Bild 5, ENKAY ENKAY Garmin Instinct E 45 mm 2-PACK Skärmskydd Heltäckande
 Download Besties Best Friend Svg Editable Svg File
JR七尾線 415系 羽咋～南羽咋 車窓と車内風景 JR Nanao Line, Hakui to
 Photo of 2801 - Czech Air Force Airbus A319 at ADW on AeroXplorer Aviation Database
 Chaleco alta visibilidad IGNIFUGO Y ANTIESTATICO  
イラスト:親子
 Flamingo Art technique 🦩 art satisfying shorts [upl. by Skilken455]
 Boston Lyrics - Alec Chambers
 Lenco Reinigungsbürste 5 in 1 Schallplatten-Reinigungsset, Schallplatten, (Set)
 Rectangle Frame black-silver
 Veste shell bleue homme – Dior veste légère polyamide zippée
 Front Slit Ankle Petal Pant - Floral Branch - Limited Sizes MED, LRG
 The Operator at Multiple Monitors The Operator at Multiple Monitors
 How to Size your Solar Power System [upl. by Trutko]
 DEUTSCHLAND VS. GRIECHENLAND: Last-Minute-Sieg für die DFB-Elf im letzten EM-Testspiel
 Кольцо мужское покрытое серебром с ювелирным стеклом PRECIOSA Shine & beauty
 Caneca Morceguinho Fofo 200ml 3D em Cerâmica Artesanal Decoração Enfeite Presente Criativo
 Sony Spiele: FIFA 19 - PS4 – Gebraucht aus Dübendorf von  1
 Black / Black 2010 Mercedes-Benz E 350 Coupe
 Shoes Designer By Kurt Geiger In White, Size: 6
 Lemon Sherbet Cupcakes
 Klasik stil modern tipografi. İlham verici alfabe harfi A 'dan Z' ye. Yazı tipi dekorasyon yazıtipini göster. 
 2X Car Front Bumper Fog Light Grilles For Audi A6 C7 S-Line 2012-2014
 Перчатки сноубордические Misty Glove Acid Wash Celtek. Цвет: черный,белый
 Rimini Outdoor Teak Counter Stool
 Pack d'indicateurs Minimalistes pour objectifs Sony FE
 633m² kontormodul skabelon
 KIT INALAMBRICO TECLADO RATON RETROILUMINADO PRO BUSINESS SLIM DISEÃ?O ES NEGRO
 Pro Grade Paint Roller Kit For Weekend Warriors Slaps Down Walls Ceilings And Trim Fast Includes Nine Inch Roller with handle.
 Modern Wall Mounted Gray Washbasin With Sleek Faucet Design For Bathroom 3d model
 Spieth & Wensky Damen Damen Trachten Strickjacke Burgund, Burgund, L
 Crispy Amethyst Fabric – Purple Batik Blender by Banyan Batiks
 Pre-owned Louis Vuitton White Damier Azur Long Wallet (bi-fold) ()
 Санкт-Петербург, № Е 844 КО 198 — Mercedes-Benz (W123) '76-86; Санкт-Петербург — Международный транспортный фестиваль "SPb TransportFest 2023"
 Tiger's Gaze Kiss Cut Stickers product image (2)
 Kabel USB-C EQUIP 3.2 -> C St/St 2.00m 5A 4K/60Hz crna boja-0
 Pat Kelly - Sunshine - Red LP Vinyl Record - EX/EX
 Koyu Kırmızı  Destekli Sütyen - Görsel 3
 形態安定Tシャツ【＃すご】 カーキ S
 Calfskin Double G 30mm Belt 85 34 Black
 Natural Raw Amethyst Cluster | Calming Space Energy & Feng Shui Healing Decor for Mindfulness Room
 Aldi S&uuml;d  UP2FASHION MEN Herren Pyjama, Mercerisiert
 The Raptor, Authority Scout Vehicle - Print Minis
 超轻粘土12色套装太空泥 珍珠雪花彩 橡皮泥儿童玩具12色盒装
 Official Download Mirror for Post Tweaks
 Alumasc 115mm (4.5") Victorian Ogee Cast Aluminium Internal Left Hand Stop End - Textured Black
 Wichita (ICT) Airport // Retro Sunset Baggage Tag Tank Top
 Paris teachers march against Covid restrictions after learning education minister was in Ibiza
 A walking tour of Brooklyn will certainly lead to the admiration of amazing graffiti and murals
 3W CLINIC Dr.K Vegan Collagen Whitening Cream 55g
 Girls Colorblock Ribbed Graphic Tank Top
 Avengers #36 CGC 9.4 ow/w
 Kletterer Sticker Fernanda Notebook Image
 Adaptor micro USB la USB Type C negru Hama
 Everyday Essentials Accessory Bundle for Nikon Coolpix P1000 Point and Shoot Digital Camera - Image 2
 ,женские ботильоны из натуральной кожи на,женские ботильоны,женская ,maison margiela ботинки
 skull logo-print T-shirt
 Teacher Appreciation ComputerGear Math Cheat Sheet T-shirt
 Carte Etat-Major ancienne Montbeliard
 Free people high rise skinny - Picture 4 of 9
==============================
Show all lines from the entries that hold "Front".

 Front Slit Ankle Petal Pant - Floral Branch - Limited Sizes MED, LRG
 2X Car Front Bumper Fog Light Grilles For Audi A6 C7 S-Line 2012-2014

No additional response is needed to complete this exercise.